Keeping Weekends Sacred: The Secret to a Happy Monday
Sunday, September 13th, 2009Ah- its the WEEKEND!!! A time to relax, do the things you want to do, and NOT WORK. I know this is hard, but I am a convert to the “not working on the weekends” crowd. I used to spend weekends interspersing checking and answering emails and trying to get “caught up” with family time and so-called relaxing. What I learned was that on Monday morning I was neither “caught up” nor “relaxed”. In fact, I was often more frazzled than when I walked in the door on Friday evening, so I changed some things, and I, my work, and my family are far better off for it. First, the things I’ve learned:
• The work will still be there on Monday. It’s not as if not working on the weekend will somehow remove your opportunity to pick up where you left off on Friday.
• “Caught up” is a myth. There is always something else I can do, and what I do is meet deadlines through careful planning, not through working on the weekends.
• There are no true emergencies in my job. I am not a firefighter, physician, or hostage negotiator. Honestly, nothing is truly an emergency.
• I will not be on my deathbed saying “I wish I’d spent more time in the lab/office.” Getting to the age where more and more of my friends are dying or becoming ill has been a real wake-up call for spending time with the people I love, who, frankly, are not at work.

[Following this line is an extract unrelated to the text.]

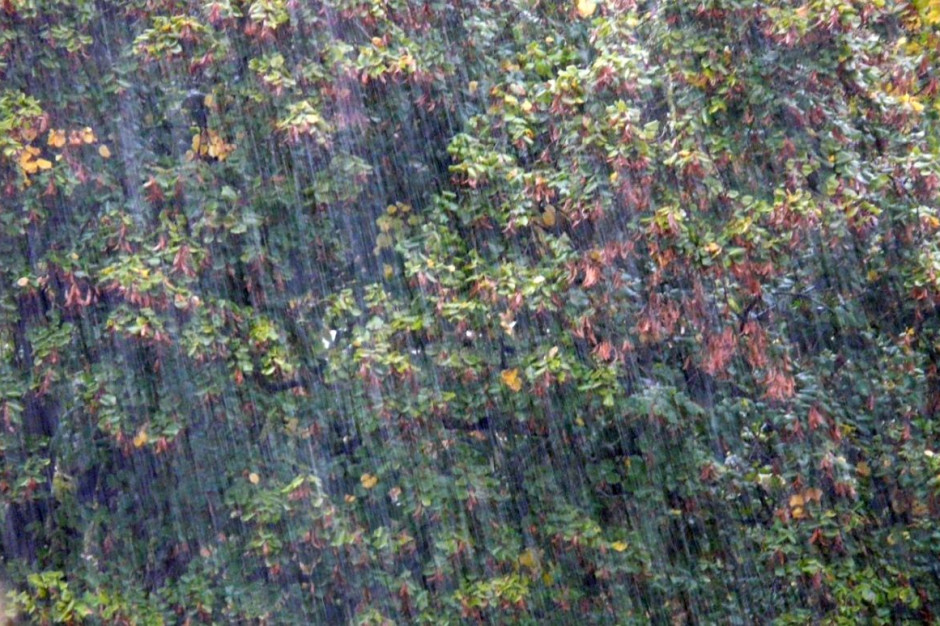 Dziś zanosi się na ulewne deszcze na północy kraju, Foto: Pixabay/Hans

So what do I do to create and maintain the sacredness of my weekend? Well, I’ve set and hold some very firm boundaries and have set some goals for my personal life just as I have for my professional life. Here are some suggestions that I’ve found helpful:
1. Simply do not do email or work phone calls in the evening or on weekends. Period. The trick here is to communicate this to the people you work with to manage their expectations, especially if this is a change. Just let people know that due to family or personal obligations, you are unavailable for email and phone calls after hours and on weekends.
2. Set goals in your personal life just like you do in your professional life. If you set a goal of completing a training or publishing a book or paper or getting a promotion at work, you plan for it and work for it, right? Do the same thing in your personal life. I set a goal of learning to play tennis, partly for exercise and social activities, and partly so I can play with my daughter. I’m taking steps to meet that goal just as I set and take steps to accomplish things at work.
3. Schedule dates with yourself and other people for non-work activities. Just as you make appointments for work items or events, create calendar entries for personal and family time and activities. Plans are easier to break in favor of work if you do not have an appointment or firm commitment- seeing the date on the calendar can help make the event real and harder to skip in favor of work.
4. Use technology boundaries to separate your work and your life. Maybe it would be helpful to create different computer, email, and instant messaging accounts for personal versus professional activities, as well as separate electronic and paper calendars.
5. Decide on what you will consistently say “no” to: Figure out what kinds of work activities that may cut into your “real life” are worth saying yes to and which ones you’ll say no to. For example, I do a number of invited speaking gigs, and although I am always glad to spend the whole day with the group who invited me, I always decline dinner invitations, as that is prime family/kid/homework time, and I need to be a Mom in the evenings. Likewise, I do a minimum of traveling, and am very careful to choose only conferences that are really worth it professionally; I say no to at least 80% of what I could go to or am invited to.
It was a little tough to commit to and set others’ expectations for these changes in my boundaries, but now that I’ve done it, I find that I return to work on Monday rested, more effective in taking on my work, relaxed, and fulfilled from spending some time with my family and myself. My tennis game still stinks, but that will get better.